|Noah Wiseman & Essie Davis|
There's also the case of continuity errors and why some things are left unchecked. Yet, these are things that usually happen in every film and it's not the most abundant here. If there's anything else that doesn't make sense it’s the antagonist's motives. Clearly heard in the movie, the character states "give me the boy", but for what? What's the purpose? Some backstory or mythology would be appreciated for such an iconic figure. This is it for gripes though, the characters are likable and the audience will care for them and the situations they are put into - specifically dealing with sweet neighbors like Mrs. Roach (Barbara West) and the cautious Aunt Claire (Hayley McElhinney). Even The Babadook (played by Tim Purcell) himself is somewhat likable because of just how strange and demonic the character is and how he goes about scaring the living daylights out of this family. The method that The Babadook goes about doing his business is not exactly the newest of things but it certainly is effective.

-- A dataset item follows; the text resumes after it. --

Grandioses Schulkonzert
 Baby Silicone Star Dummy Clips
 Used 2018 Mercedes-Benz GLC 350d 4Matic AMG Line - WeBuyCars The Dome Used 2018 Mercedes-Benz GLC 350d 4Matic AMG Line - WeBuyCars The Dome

Initially, The Babadook is introduced via bedtime story book that has pop-up figures and its own little nursery rhyme. However as the pages continue to turn, the images become darker and darker foreshadowing possible events. Mind you that's just the beginning. The Babadook is a creature that loves to play mind games. Its movement is rigid, makes cockroach or cicada-like sounds and its voice is raspy almost like its speech being choked out. The design is also something noteworthy too, resembling that of a scarecrow. The violence is not hefty either. There are a couple moments that look painful but nothing that is on the dismemberment level. Jennifer Kent's direction relies more on scaring her viewers by giving them minimal elements to work with. That includes just seeing things for a moment and then disappearing or focusing on a simple object that may have a bigger purpose. It's those kinds of scenes that can give a viewer chills because of the insecurity that it generates.
|The Babadook's book|
Rarely do mainstream horror films produce such chills when it comes to ghosts and midnight ghouls, but not here. It's unfortunate that it still has some problems either having a useless subplot or motivations left unexplained but that doesn't stop it in its tracks. With sympathetic characters, an iconic villain, unconventional cinematography, direction and music, this indie horror film surpasses several other horror properties popular studios have exploited.